A recent article entitled The Luxury Rental Girlfriend, sheds an interesting light on this relatively new phenomenon in the US. After interviewing a range of “hobbyists,” men who sleep with escorts and then rate them on websites, Lisa Taddeo paints a complicated picture of prostitution in the digital age. These johns prefer escorts to unpaid relationships, because they can get the “Girlfriend Experience” (GFE) without having to deal with, well, an actual girlfriend with expectations and opinions.
So what makes the girlfriend experience? As attention spans get shorter and shorter, would people rather put capital into relationships than energy? Taddeo says, “Men want to be loving. They want the GFE without the LTR [long-term relationship].” I can understand that, and I can almost relate until one of the hobbyists says “I don’t even want to fuck her necessarily, it’s just nice to know I can reach across and touch her right boob, if I want to.” I suppose he forgot to include “and she wants it too.”
Taddeo interviews several high-price escorts, many of whom are well-educated. They aren’t necessarily heartless or unfeeling towards johns. In fact, it’s seems like they’re happy with the work’s facility “A few hours in the Hamptons, and cookies. Did we really just make $3,500 to do that?”

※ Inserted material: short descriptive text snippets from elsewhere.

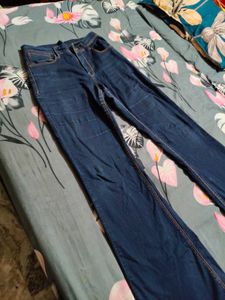 Navy Blue Boot Cut Mid Waist Jeans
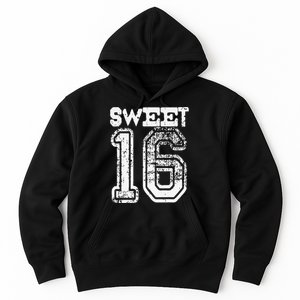 16th Birthday Gift Sweet Sixteen 16 Cracked Grunge Hoodie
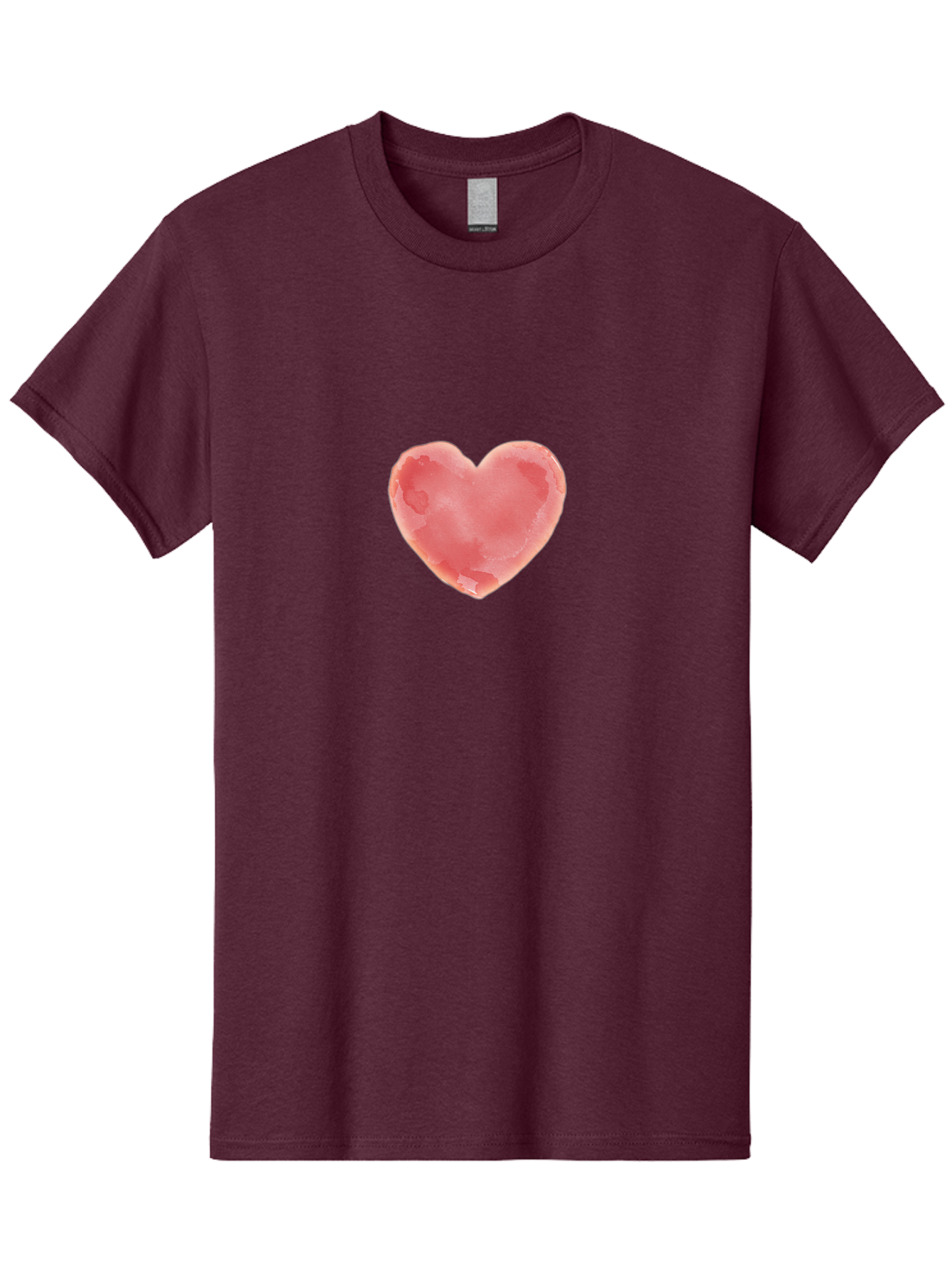 Pink-Heart Men'S Graphic Tee, 100% Cotton, Comfortable Casual Summer Wear, Machine Washable, Pink Heart, Heart Shape, Watercolor Art, Love Symbol, Valentines Day, Romantic Gesture, Tender Touch, Soft Pink Hue Bae238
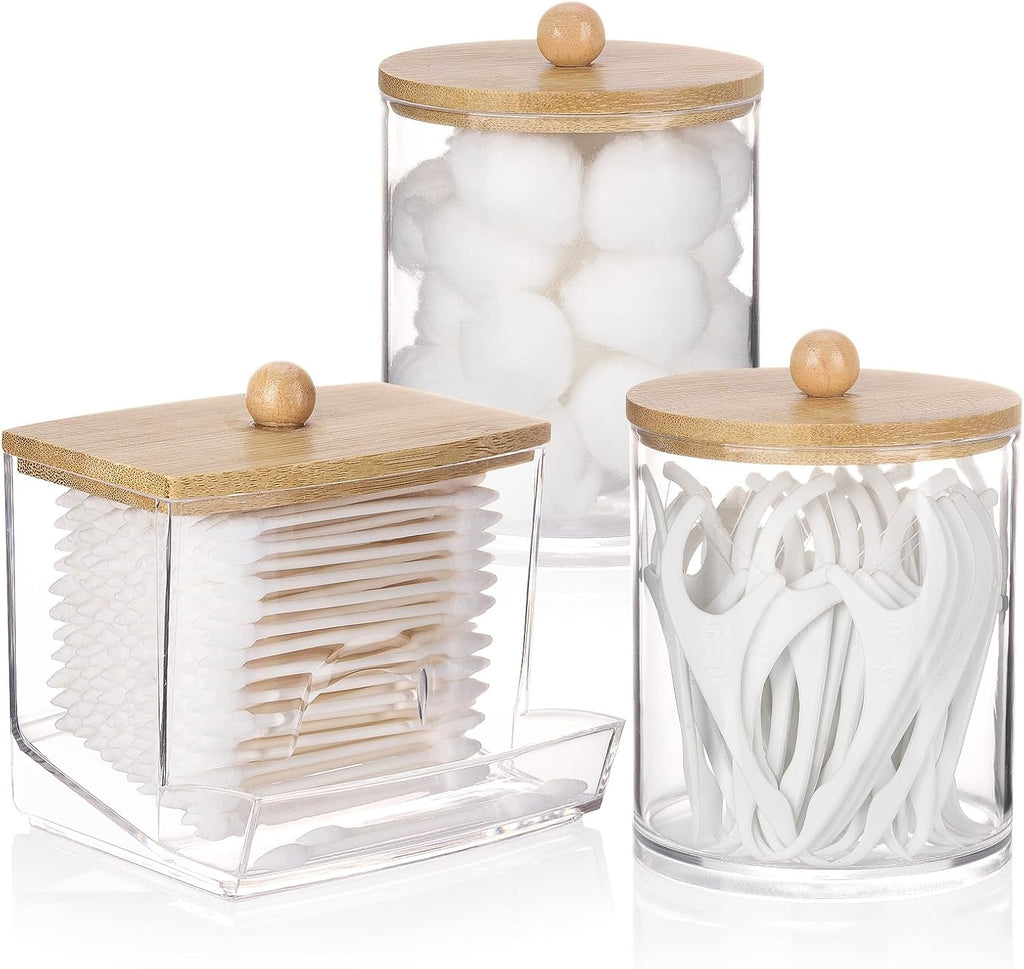 Tbestmax Cotton Swab Dispenser - Stylish Apothecary Jar Organizer with Bamboo Lid | 10/12 oz Capacity
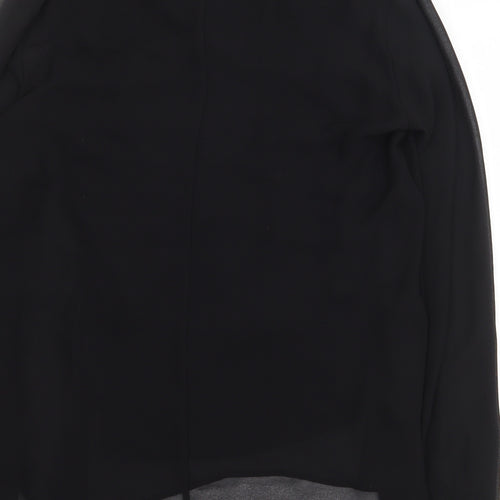 Zara Womens Black Polyester Basic Blouse Size M V-Neck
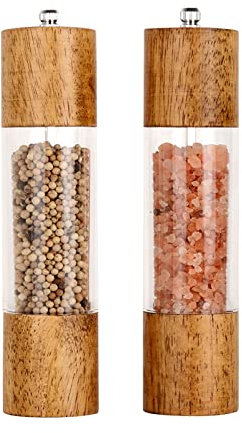 Haomacro Premium Acrylic Salt and Pepper Grinder Set, Manual Salt and Pepper Mills, Wooden Shakers with Adjustable Ceramic Core-Salt Grinder and Pepper Mill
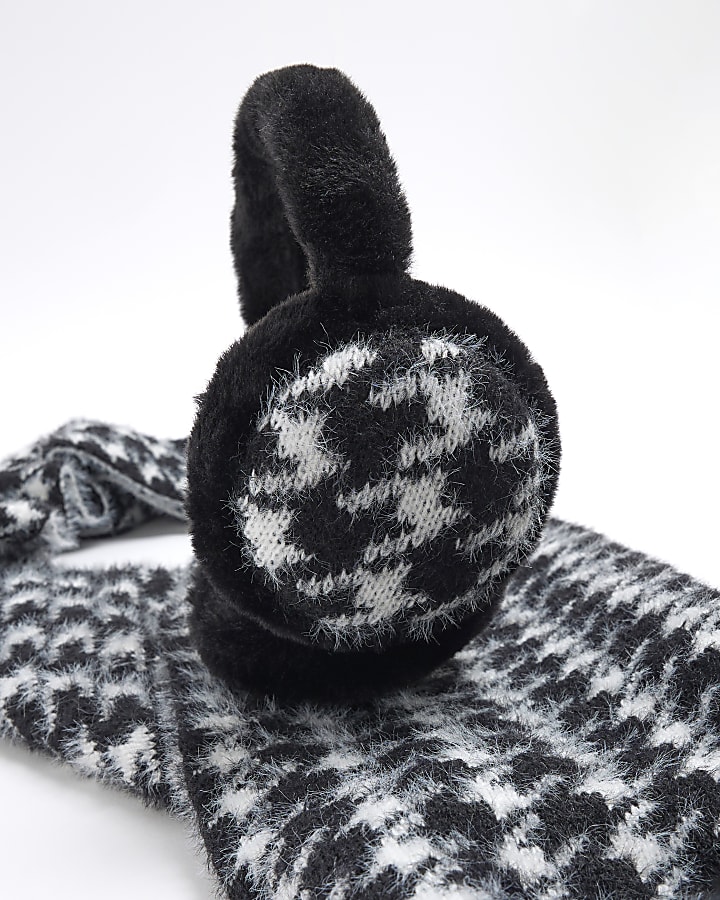 Girls White Dogtooth Earmuff And Scarf Set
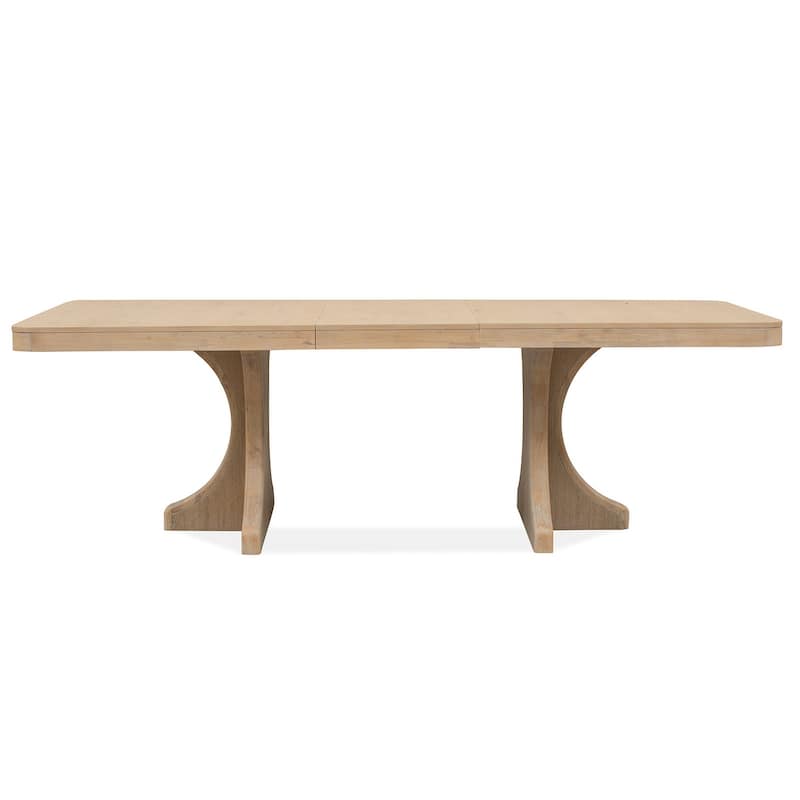 Magnussen Home Somerset Butternut Extendable Trestle Dining Table - 40''W x 76''D x 29.75''H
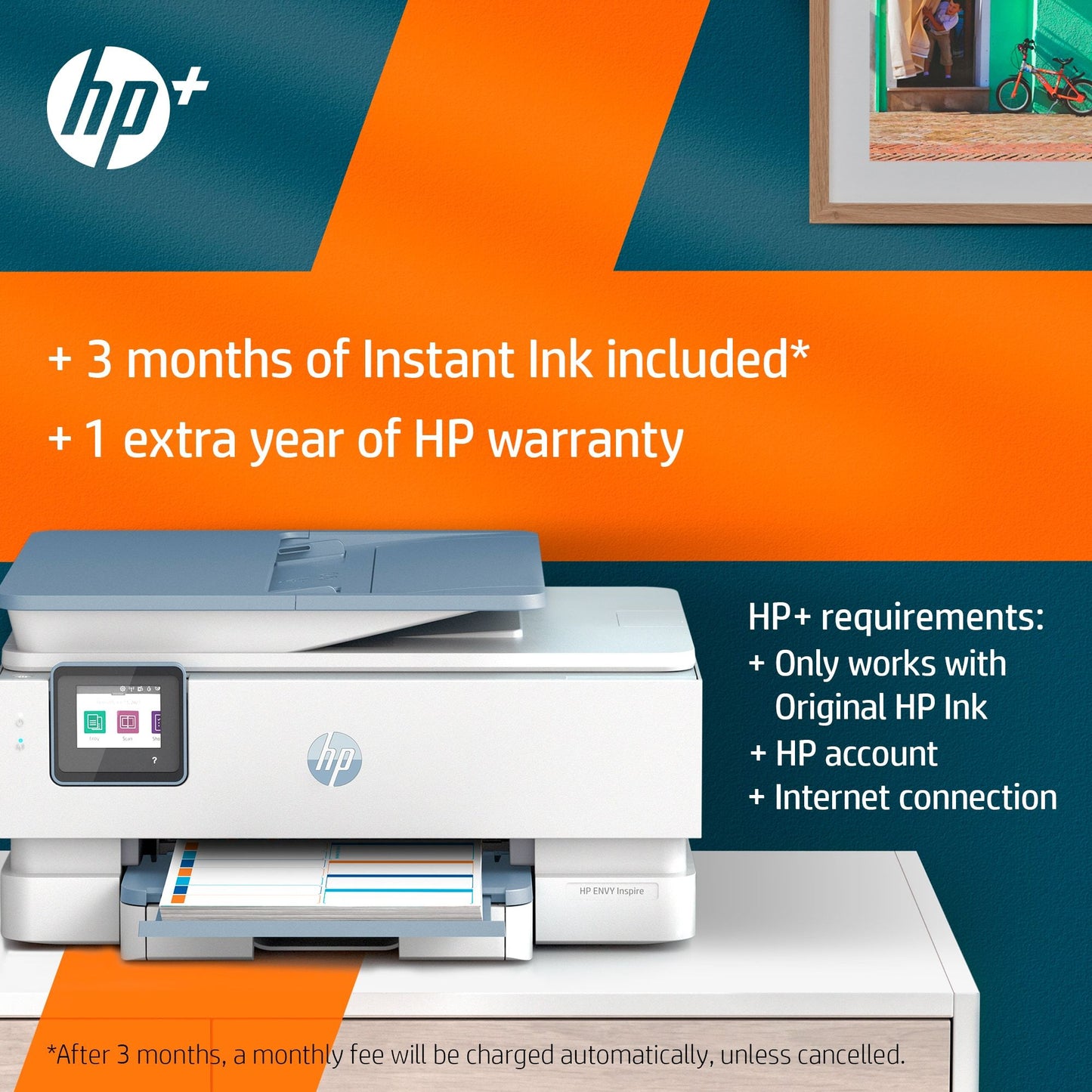 HP ENVY HP Inspire 7220e All-in-One Printer, Color, Printer for Home, Print, copy, scan, Wireless; HP+; HP Instant Ink eligible; Scan to PDF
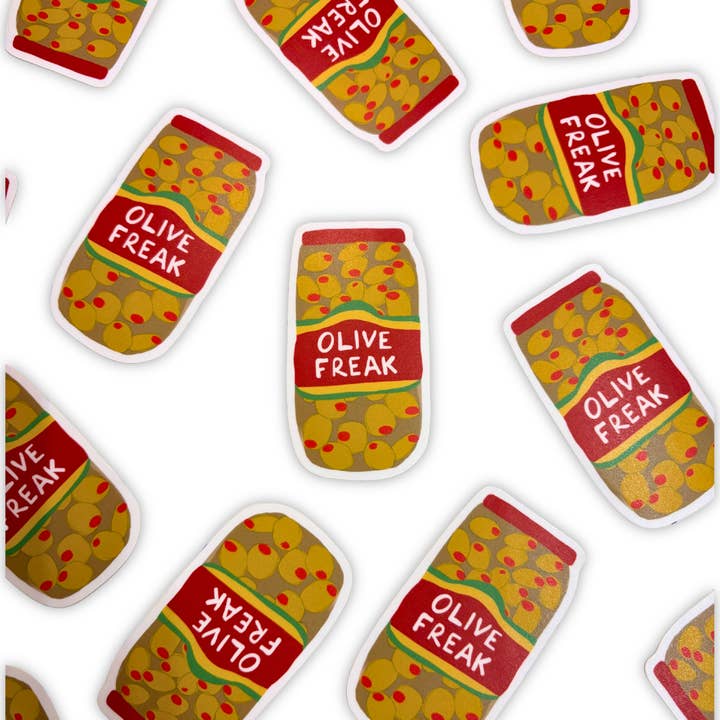 Olive Freak Matte Vinyl Sticker for wholesale by Marigold Press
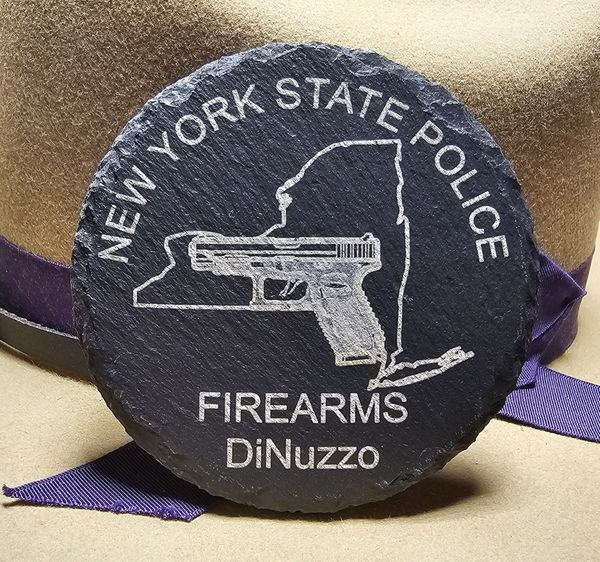 New York State Police Slate Coaster set of four Firearms | Reyes Police ...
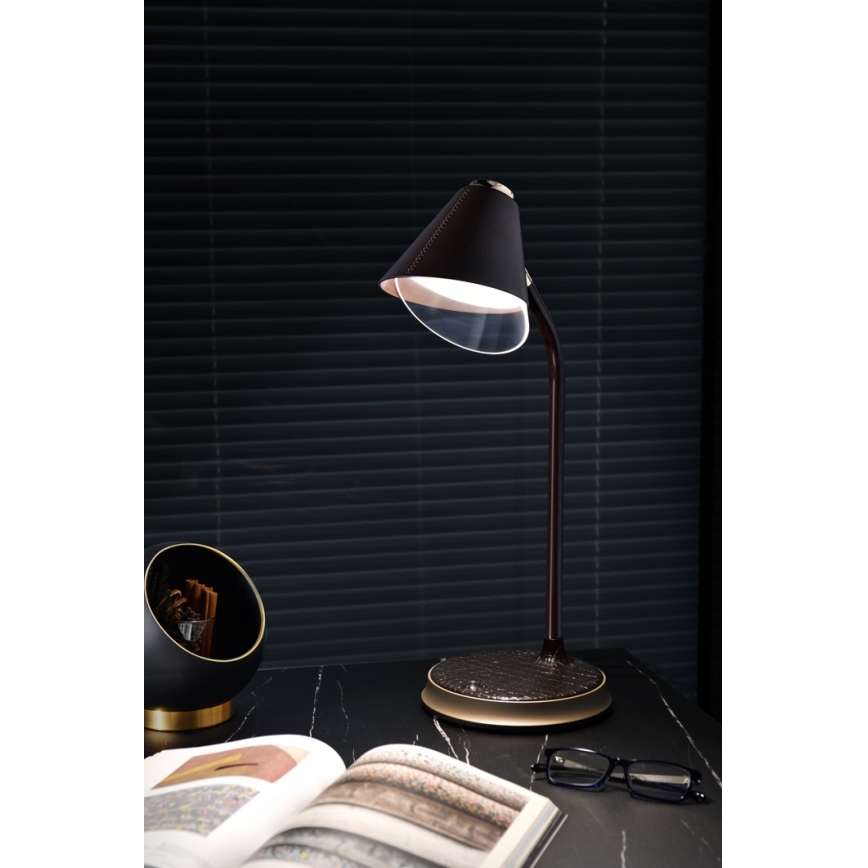 Reguliuojama LED stalinė lempa su belaidžiu įkrovimu FINCH LED/9W/12/230V pilka/blizgus chromas
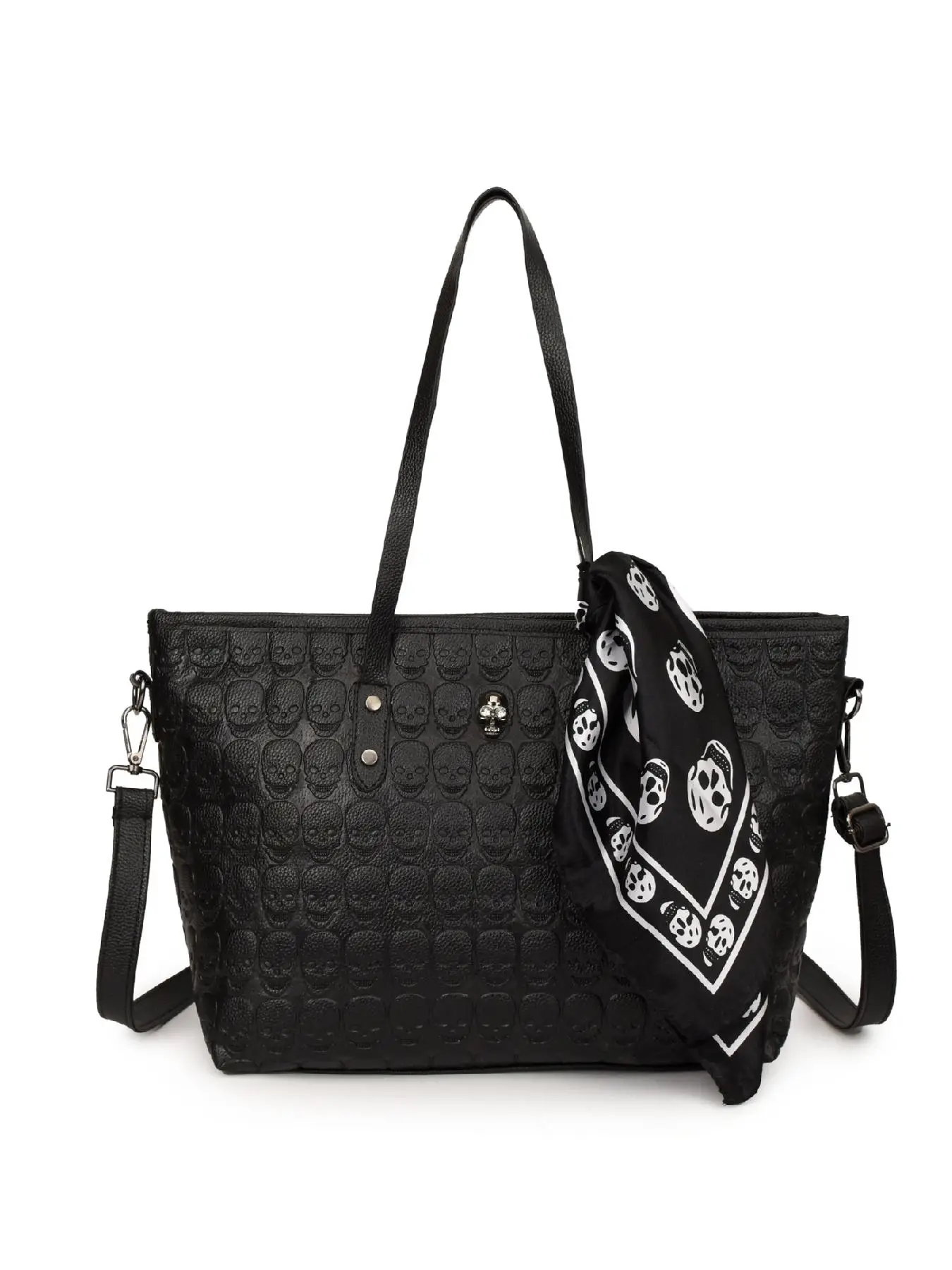 Women's Street Trend Skull Engraved Tote Bag, Trendy Large Capacity Vintage Tote Bag, Chic All-match Shoulder Bag for Daily & Work Use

The article focuses on high-end escort relationships in New York, but prostitution is ubiquitous, and it’s hardly ever so independent or mutually beneficial. Even the escorts in the article gun for good ratings on sites, and a perusal of the rating website, The Erotic Review, reveals these girls are rarely as praised for their conversation skills as they are for being chunks of talking flesh.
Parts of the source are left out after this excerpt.